I read with great interest your editorial this morning regarding the recently introduced PERA bill.
I support the effort to improve PERA's unfunded liability (although 100 percent funding is extreme for a publicly funded pension fund) and am gladdened to see the bill includes a request for a 2 percent funding increase from the state, especially after shorting the fund $4.5 billion since 2010, I am concerned with several items in the bill and in your editorial.
I fail to see how encouraging new employees to opt out of the defined benefit plan for a defined contribution plan fixes the problem with the unfunded liability. Logic seems to dictate that if membership declines in the defined benefit plan the problem becomes more acute.
Second, salary for teachers and other state employees should increase based upon their own merits and not upon which plan they choose. Since 2000, when the Legislature eliminated the step and grade pay system replacing it with the pay for performance and a subsequent merit based pay system, employee and teacher salaries have progressively trended downward towards the bottom end of the pay range.
Since the employees and employers contribution to PERA is based on a percentage of an employee's wage, the amount going into PERA since then has also suffered. Finally, I find it odd that we speak in such a cavalier fashion about a two-year Cost of Living Adjustment freeze followed by a reduction to 1.25 percent annual increase for retirees. Since the reduction in COLA benefits to 2 percent in 2010, the CPI for Denver/Boulder/Greeley averaged 2.5 percent per year.

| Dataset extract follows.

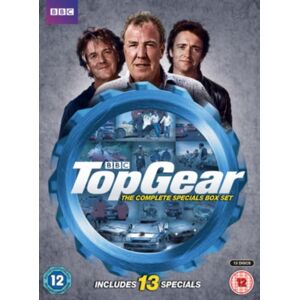 Top Gear: The Complete Specials (Import)
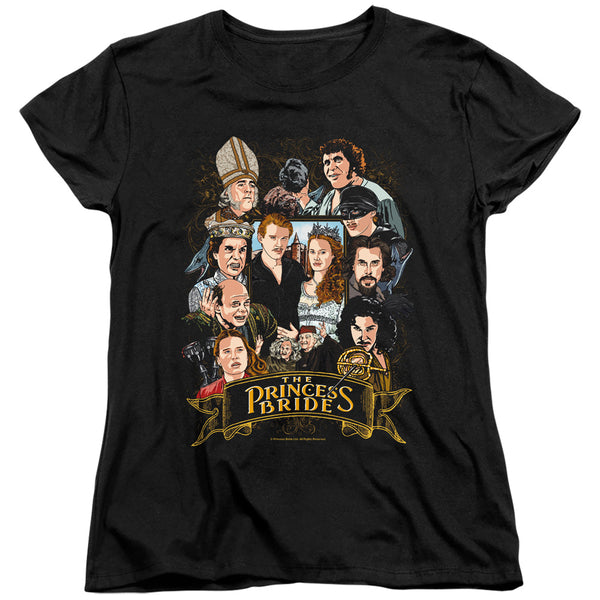 Princess Bride - Players Women's Short Sleeve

And, in the last three years alone, retiree health care costs have increased more than 25 percent. While state employees and teachers continue to be squeezed and shoulder most of the burden for the unfunded liability, the governor and Legislature continue to skirt their responsibilities.
Dionne tortures economics
In his exegesis of the causes of populism, E.J. Dionne quotes historian Richard Hofstadter who posits a false dichotomy between whether "comfortable people tend to identify, psychologically, with the power and achievements of the very successful or with the needs and sufferings of the underprivileged." ("Chaos around world blamed on the haunting specter of 'populism,' " Opinion, March 9).

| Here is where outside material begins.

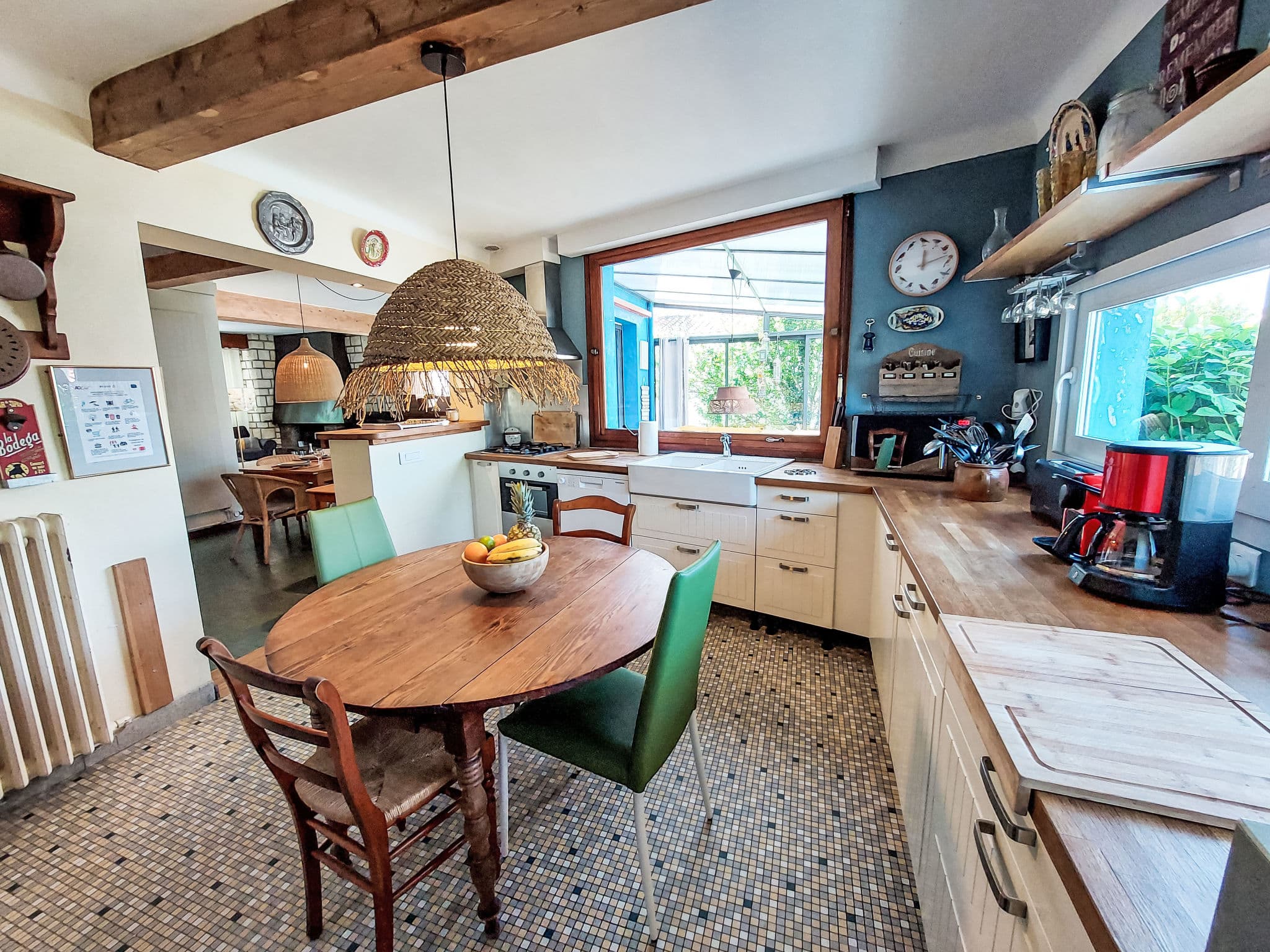 Kitchen / Dining Room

The failure to recognize the needs of the underprivileged, Dionne argues, breeds a kind of noxious populism.
Liberals view a society's highest goal through the prism of equality of outcomes which obliges them to torture economics to support wealth redistribution rather than equality of opportunity. Such moral preening presupposes those in the lower income quintiles are incapable of succeeding without the insulting economic condescension called noblesse oblige.

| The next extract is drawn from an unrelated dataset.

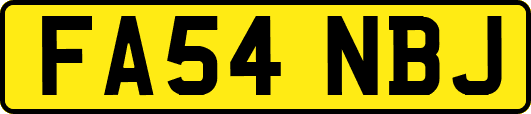 FA54NBJ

While we should provide for those in real need, the most successful economies are structured to incentivize hard work and delayed gratification, with a tax structure that provides rewards commensurate with effort and outcomes. Moreover, government systems that are most resistant to the kind of disruptive populism that can breed revolutions are constitutional republics because they provide the best guarantee of accountable representation.
That's why Colorado's populist impulse, which gives rise to constitutional amendments via referendums versus legislative action, abridges the true will of the people. Dionne astutely cites Princeton University professor Jan-Werner Muller's criticism of populism, arguing that "in defining 'the people,' populists often exclude large segments of the people." That is precisely what happened with the misinformed passage of Amendment 64, which legalized marijuana.